By Hamid Bayati

From Operation Peace Spring to sea of tension

November 8, 2019 - 16:58

It is 20 days since the incursion of the Turkish army and its allied militia into northern Syria and the eastern Euphrates. The attack came to a halt a few days later through Russian mediation and a ten-article agreement between Ankara and Moscow.

Regarding Turkey’s concerns over the future of northern Syria and terrorist groups in the area, as well as Ankara’s territorial claims over cities in northern Syria, it seems that the halt of military operation and the deal on pushing SDF fighters 30 km deep into Syrian territory will not last.

Turkey, a key factor in the continued crisis and civil war in Syria, has reportedly spent more than $120 billion for this purpose so far, and it appears there is no prospect in sight for ending such a situation.

For this very reason, the National Intelligence Organization (MIT) has spent the last few months trying to unite all the various terrorist groups dispersed in the region to launch a military operation against Kurdish fighters under the command of fugitive Syrian officers.

Although Turkey’s President Recep Tayyip Erdogan and other senior officials have claimed that the main reasons for launching the so-called Operation Peace Spring is to fight terrorism and to transfer three million Syrian refugees from Turkey to their country, it is obvious that political struggles inside the country have prompted the operation.

However, the main part of Turkey’s demands has been met by the halt of military operation and the agreement between Erdogan and Putin to push SDF forces 30 km deep inside the Syrian territory.

The Syrian Democratic Forces and the militant PKK group are the main losers in the operation because they trusted the U.S. one more time after what they had experienced in Al Bab and Afrin, and rejected all the suggestions that Damascus had offered before the Turkish offensive. If they had agreed with the deployment of Syrian forces in the areas under their control, it would have been more difficult for Turkey to invent excuses to attack the eastern Euphrates.

Despite the predictions and conditions on the ground, the Syrian nation and government were the main winners of the developments in northern Syria. With the deployment of Syrian forces along the Turkish border, which have advanced into an area 3 kilometers from the border, the government retakes the control of lost areas and prevents Turkish leaders from making excuses. By establishing order and security in the border, dislocated people will be able to return to their home country and also the risk of terrorist groups’ activities will be diminished.

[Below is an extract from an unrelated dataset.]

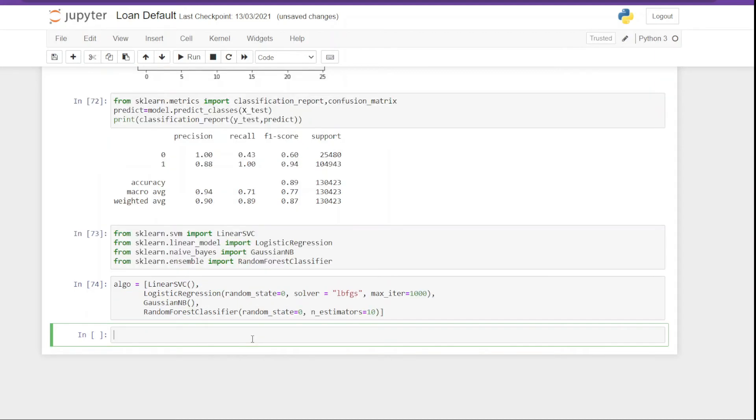Next we are going to create a function that will do a few things for us. Like first it will instantiate the model, second it will fit the model, third it will make the prediction, and lastly it will create a classification report. So we are going to name it as model_clf and it takes a single parameter, that is the model itself.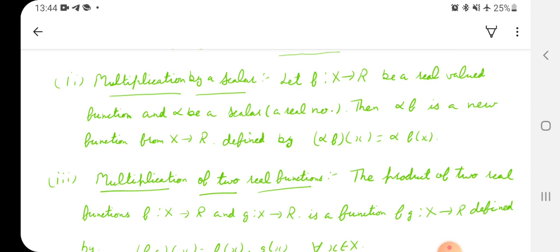Next is multiplying a function by a scalar. Let f from X to R be a real-valued function, meaning the codomain is R itself. Let alpha be a scalar — that is, a real number. Then the product function alpha·f is a new function from X to R defined by: (alpha·f)(x) = alpha × f(x). This is how a function behaves when multiplied by a scalar.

It is true that U.S. troops are still present in the Al Waleed border crossing and some oil-rich parts of eastern Syria, but removing U.S. forces from the eastern Euphrates and replacing them with Syrian forces will be a very strategic and effective event.

Regarding Turkey’s advance into the eastern Euphrates, the next goal of the Syrian army and its allies is to liberate Idlib and remove the tens of thousands of Syrian and non-Syrian terrorist forces from the city. This is the issue that was highlighted during Bashar al-Assad’s recent visit to an area in Idlib province. Therefore, the next chapter in the fight against terrorism will begin not in the east of the Euphrates but in northern Aleppo and Idlib province, and those terrorists present in these areas should wait for great operations by the Syrian army.